Exclude all pictures. Then restate, word for word, the entries from the first line through the line that contains "Черный Тесла Модель".

> _Short text fragments from websites_:

# # # #

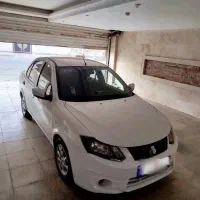 ساینا مدل۹۹ دریچه سیمی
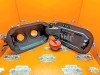 Лючок топливного бака MERCEDES-BENZ M-класс W166 (2011 - 2015) фото 6 &mdash; Разборка Мерседес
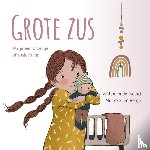 Grote zus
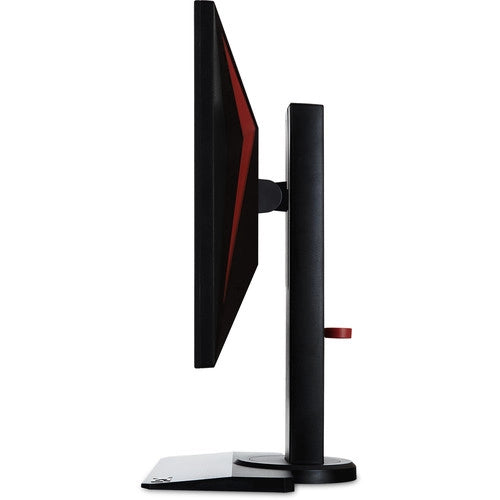 ViewSonic XG2402 - Thumbnail 4
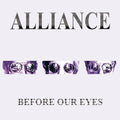 Before Our Eyes |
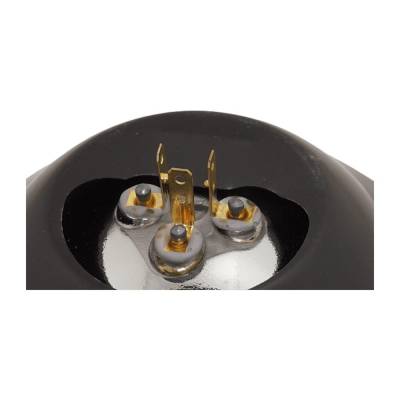 Rareelectrical - New Right Or Left Headlights Compatible With Dodge Jeep 1978-2001 By Part Numbers Ch2500115 5201204 - Image 7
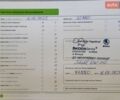 Черный Тесла Модель 3, объемом двигателя 0 л и пробегом 106 тыс. км за 7000 $, фото 1 на Automoto.ua
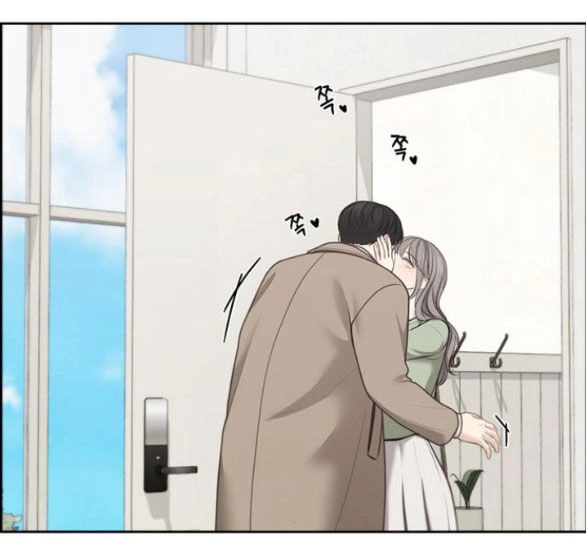 Hy Vọng Duy Nhất Chapter 43.1 - 65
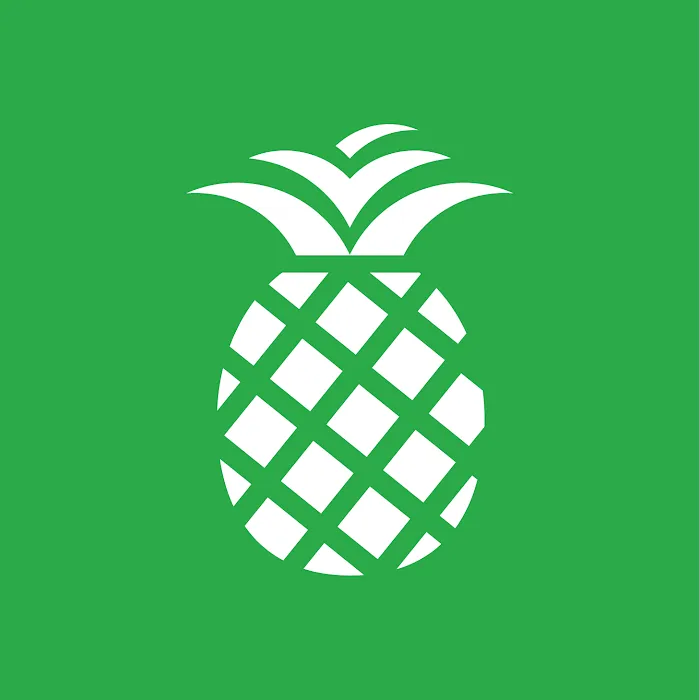Baptist Health Cardiology | Wellington 0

# # # #

> _OUTPUT FOR THIS TASK_:
 ساینا مدل۹۹ دریچه سیمی
 Лючок топливного бака MERCEDES-BENZ M-класс W166 (2011 - 2015) фото 6 &mdash; Разборка Мерседес
 Grote zus
 ViewSonic XG2402 - Thumbnail 4
 Before Our Eyes |
 Rareelectrical - New Right Or Left Headlights Compatible With Dodge Jeep 1978-2001 By Part Numbers Ch2500115 5201204 - Image 7
 Черный Тесла Модель 3, объемом двигателя 0 л и пробегом 106 тыс. км за 7000 $, фото 1 на Automoto.ua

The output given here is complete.